Esophageal Problems
Another gastrointestinal complication found in the Department of Chuquisaca, Bolivia, in chagasic patients is achalasia of the esophagus, or the nonrelaxation of the lower esophageal sphincter (see Marcondes de Rezende and Ostermayer 1994:151‑58). Motility of the esophagus is altered in chagasic patients throughout Latin America, and there is no agreement on the prevalence of either megaesophagus or megacolon.[29]The function of the esophagus is to contract and expand so as to push food through the throat to the stomach. A variety of explanations are found for intrinsic denervated esophagus that produces loss of peristalsis, so that the esophagus does not dilate and food cannot pass through it (Marcondes de Rezende and Luquetti 1994). The upper part of the esophagus enlarges, and patients have difficulty swallowing (dysphagia), at times being unable to swallow liquids.[30]Chagasic patients in Santa Cruz often gloss over the fact that they are suffering from dysphagia by a stereotypical answer to the physician’s inquiry. Many respond: “But, Doctor, who doesn’t have difficulty when eating cold rice?”
Very significantly, patients with megaesophagus have lost more than 95 percent of the ganglion cells of the myenteric plexuses (Köberle 1968:91).[31]Temporary stagnation or retention of food stretches the esophagus, causing distention of the muscle fibers, which leads to hypertrophy of the muscle, causing more powerful contractions and making still more difficult the passage of food.
In Sucre, chagasic megaesophagus is commonly found. Resulting serious side effects among patients who are unable to swallow for several days include starvation and malnourishment.[32]Sufferers regurgitate food and water into the bronchial tubes and lungs, either choking or becoming further infected with respiratory diseases. Again, this is particularly deadly in high‑altitude regions, which have markedly lower oxygen levels and a higher prevalence of respiratory pathogens.
Many Bolivians adapt to chagasic esophageal problems by consuming liquids whenever they are able to do so. Herbalists recommend teas from coca leaves to relax the throat and relieve the soreness. Peasants frequently chew coca leaves to achieve the same effects. Coca leaves have fourteen alkaloids, some of which are activated only through hydrolysisthat is, released by saliva or water (Bastien 1987a:57; Martin 1970:422; Duke, Aulik, and Plowman 1975). Bolivian doctors generally recommend bland semi‑solid foods, especially cooked Andean cereals of quinua and cañiwa, warmed to body temperature so that the esophagus will drain by force of gravity; but this is often ineffective. The solution has been to surgically cut the esophageal muscle. Doctors in Sucre performed about twenty such operations in eleven years; but this figure doesn’t indicate the actual number of achalasia patients who are unable to afford an operation, fear such procedures, or remain unaware of the option. Doctors at the Gastro‑Intestinal Hospital in Sucre use the Heller technique modified by Pinotti. Originally, Heller cut the restricted area, but this did not produce effective results. Pinotti modified the procedure by only removing a narrow strip of muscle lengthwise along the constricted region. The resulting outcome of these operations has been satisfactory (Méndez Acufia, interview 6/24/91).

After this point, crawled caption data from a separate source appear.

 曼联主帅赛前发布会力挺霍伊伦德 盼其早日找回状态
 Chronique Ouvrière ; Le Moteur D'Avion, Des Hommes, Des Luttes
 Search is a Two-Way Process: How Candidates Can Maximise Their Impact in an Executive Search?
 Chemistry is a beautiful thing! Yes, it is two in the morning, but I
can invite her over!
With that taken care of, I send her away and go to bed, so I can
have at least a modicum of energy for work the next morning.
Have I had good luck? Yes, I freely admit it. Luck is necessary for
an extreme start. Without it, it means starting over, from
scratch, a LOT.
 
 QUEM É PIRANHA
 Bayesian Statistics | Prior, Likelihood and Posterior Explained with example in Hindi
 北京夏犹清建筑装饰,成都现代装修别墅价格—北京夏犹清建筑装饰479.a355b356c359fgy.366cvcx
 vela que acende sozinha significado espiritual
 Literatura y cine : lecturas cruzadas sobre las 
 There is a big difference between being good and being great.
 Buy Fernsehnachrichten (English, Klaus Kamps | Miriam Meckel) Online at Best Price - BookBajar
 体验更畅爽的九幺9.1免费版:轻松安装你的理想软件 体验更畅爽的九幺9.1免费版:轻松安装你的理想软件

Bolivians rarely attribute difficulty swallowing to infection of T. cruzi. They explain choking and regurgitating as emotional states caused by disproportion of the certain humors or to the fact that they have not balanced their meals with wet and dry substances. This results in inadequate proportions of phlegm to aid in swallowing. They also relate certain emotions to these humors; so that, for example, someone with excessive bile is said to be angry and consequently has insufficient phlegm to swallow. As another explanation, they see the accumulation of fluids as a malfunctioning of the tubes relating to distillation processes of the body that work in centripetal and centrifugal motions.